Why N26 Wants to Be a NeoBroker, Why Neobrokers Are HOT And Maybe In Danger
- Juan Diego Parra Castillo
- Dec 22, 2021
- 11 min read
Updated: Jun 13

New Blog
This blog post first appeared first on old medium publication (https://medium.com/startuprad-io), and was moved to this blog with the relaunch of our website in summer 2024.
In this article, we will give you something to read during Christmas on Europes hottest startup class, the neobroker.
Neobrokers have been popping up in our news since 2020 and really made headlines since 2021. They are following the business model of Robinhood to execute trades for retail clients, with minimal or no costs to the clients. They are making money by getting paid for the order flow they are generating by the executing brokers. In GSA (Germany Switzerland and Austria) the most well-known neobrokers are Trade Republic (which has been for a few months Germany’s most valuable fintech — see our special here). They came to the attention of a broader audience with the GameStop trades (see our blog post here), arrange via Reddit forums.

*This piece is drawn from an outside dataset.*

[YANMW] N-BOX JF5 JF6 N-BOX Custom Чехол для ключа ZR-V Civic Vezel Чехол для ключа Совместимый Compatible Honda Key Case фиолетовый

Now let us lay the groundwork on payment for order flow, how the neobrokers make a lot of money, why N26 now also wants into the business, what the competition in GSA does, and why the whole business model may be in danger.
Why Pay for Order Flow?
The idea is simple. Stock exchanges earn money on each trade they are making.
Either in the bid-ask spread (or their market makers) or in the clearing and settlement (Deutsche Börse for example owns Clearstream). Also, the larger any order is, the more it could impact the price of a traded security on a venue where there is not a lot of trading in the respective security. So large orders are usually executed were the most liquid market (meaning most stock traded) is, most of the time split in several smaller orders spread over time. There are also other considerations for professional traders, besides all the regulations and internal guidelines, known as market microstructure. We can not go into detail here but have a look here.
Therefore trading venues have several incentives to show a lot of trades in as many stocks as possible (yes, there is of course a specialization) and sometimes it makes even sense to pay for some of the trades, meaning routing the order flow to your stock exchange or MTF.
Note that payment for order flow is not new. Non-neobroker are charging you for the execution of our order and also can get paid to route your order to a certain venue. Actually, it is a practice pioneered by Bernhard Madoff. Take an example from Lendacademy how this makes sense here:
“For example, today the same system would connect someone selling Gamestop for $50, and someone buying GME for $50.01. Madoff sells it for $50.01, but gives the seller just $50, taking $.01. That cent is then split between paying the exchange that sent in the trade, paying Madoff, and ensures the retail customer had free trade or price improvement.
Seems like, well, pennies on the dollar, who cares? But multiplied by 100 shares, that’s $.50 for the market maker, $.50 for the exchange. What about by a million? Or a billion? Madoff and his contemporaries made hundreds of millions. …”
For example for option trades in the US payment for order flow is the norm, since a single stock could have thousands of possible puts, calls, strikes, and expiration dates. Learn more here.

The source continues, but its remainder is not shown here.